The development community needs to step up efforts to feed and nourish the more than 690 million people who are hungry today – and the additional 2 billion people the world will have by 2050.  The UN Food Systems Summit 2021 and the High Level Political Platform on Sustainable Development provide an opportunity to emphasize the role that resilient agri-food systems play in contributing to sustainable solutions to food crises. This calls for strong innovative, transdisciplinary partnerships that can deliver game changing solutions to feed and nourish the world.

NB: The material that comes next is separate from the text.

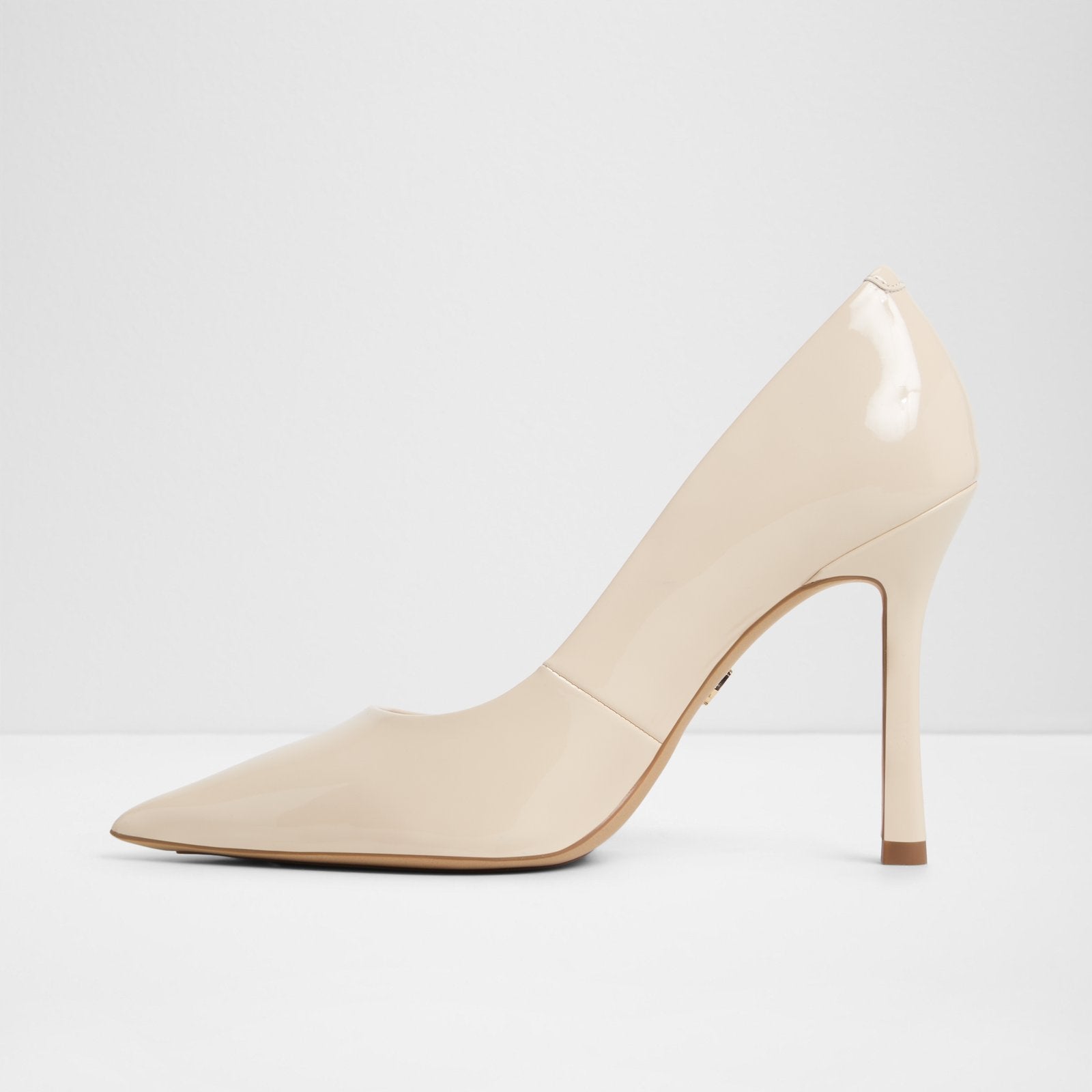 stessy3.0_beige_276-002-033_alt2_sq_nt_1600x1600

The recently released Global Report on Food Crises 2021  sounds alarm bells and points to an increase in the number of people facing acute food insecurity and requiring urgent food, nutrition and livelihoods assistance. According to the report, the magnitude and severity of food crises worsened in 2020 as protracted conflict, the economic fallout of COVID-19 and weather extremes intensified pre-existing weaknesses.

At least 155 million people were acutely food insecure and in need of urgent assistance or equivalent in 2020 in 55 countries/territories that asked for external assistance – the highest level in five years of report. This represents an increase of nearly 20 million people since 2019, when almost 135 million people were in crisis. Most people in these dire circumstances were in Afghanistan, the Democratic Republic of the Congo, the Sudan and Yemen – with at least 2 million people in Emergency (IPC Phase 4) in each country. 

The findings of the fifth edition of the Global Report on Food Crisis make a grim reading, according to the United Nations Secretary-General, António Guterres.

With the COVID-19 pandemic still not under control, many households will face reduced incomes associated with limited labour wage opportunities and delays in payment of government employee salaries. If there is no improvement, the economic consequences may become more severe as the year progresses. 

Now is the moment for interventions that will help those truly most left behind.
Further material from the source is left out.